軍隊や警察において、相手が目の前に居る距離での戦闘術の総称。打撃や投げ技はもちろん、刃物や至近距離での射撃なども考慮に入れており、屋内や市街地での戦闘において重要視されている。
CQCの始祖はウィリアム・E・フェアバーン(William E. Fairbairn)という人物で、柔道や中国拳法をベースに対武器格闘術を考案し、それに銃火器や刃物などの技術を加えたものを軍隊用格闘術としてまとめあげた。これを第二次世界大戦中に連合側の各国兵士に訓練したものが、現代のCQCの源流であると言われている。
しばしばCQBと混同されることもあるが、CQCが至近距離における個人の戦闘技術であるのに対し、CQBは複数の兵士で構成された部隊が連携しあうための戦術である、という解釈が一般的である。しかし、欧米の文献などでは違った解釈が多くあることも事実であり、CQBとCQCを全くの同義語として扱っていたり、CQCの中でも徒手格闘術の部分を別個に扱っていたりと、様々な解釈が混在しているので注意が必要である。
一方、兵士を想定した格闘術が、武道の流派のように体系的にまとめられたものもある。代表的なものとしては、イスラエルのクラヴ・マガやロシアのシステマなどが挙げられる。こういった軍隊格闘術から危険な技などを取り除いたものが一般向けに公開されており、誰でも習得することができる。このような「民間向けCQC」は、拳銃や刃物を持った相手に対する護身術として、近年注目を浴びている。
余談だが、最近のメディア作品でCQCを大きく取り上げた作品としてメタルギアソリッド3及びその続編がある。CQCという単語を広めた功労者である反面、作中では「CQCとは、ライフルを持った相手にかける投げ技のことである」とも取れる描写がなされており、「CQC=格闘術」という必ずしも正しいとは言えない解釈を流布しているともいえる。
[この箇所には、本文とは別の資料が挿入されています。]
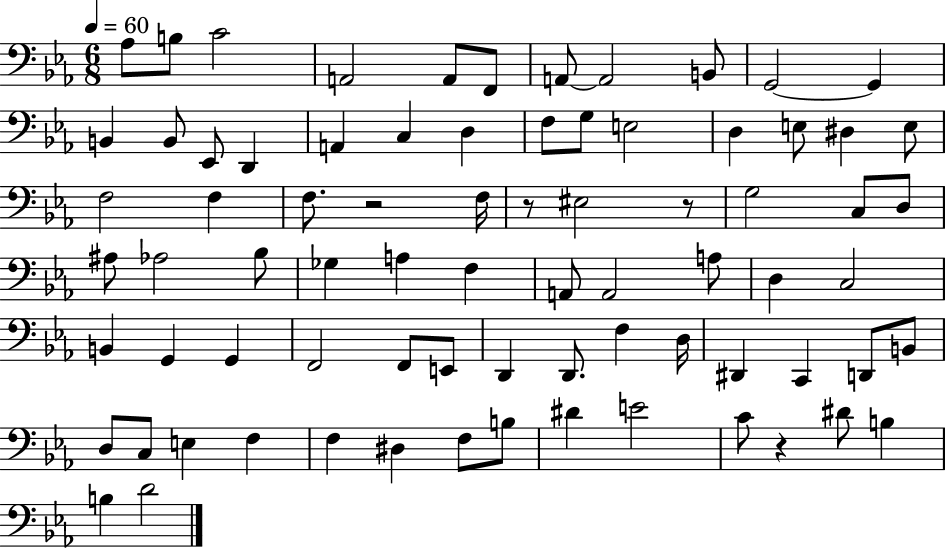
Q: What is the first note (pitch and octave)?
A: Ab3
そのような解釈が制作サイドの本意でないことは外部文献で言及されているが、ゲーム的な演出のためにある程度リアリティを犠牲にしていることも認めている。
ちなみに、FN SCARの"CQCモデル"など、銃名にCQCと付く場合は、近距離でも使用できるように銃身を短くしたりフォアグリップなどを付けて取り回しを良くした物の事を指す。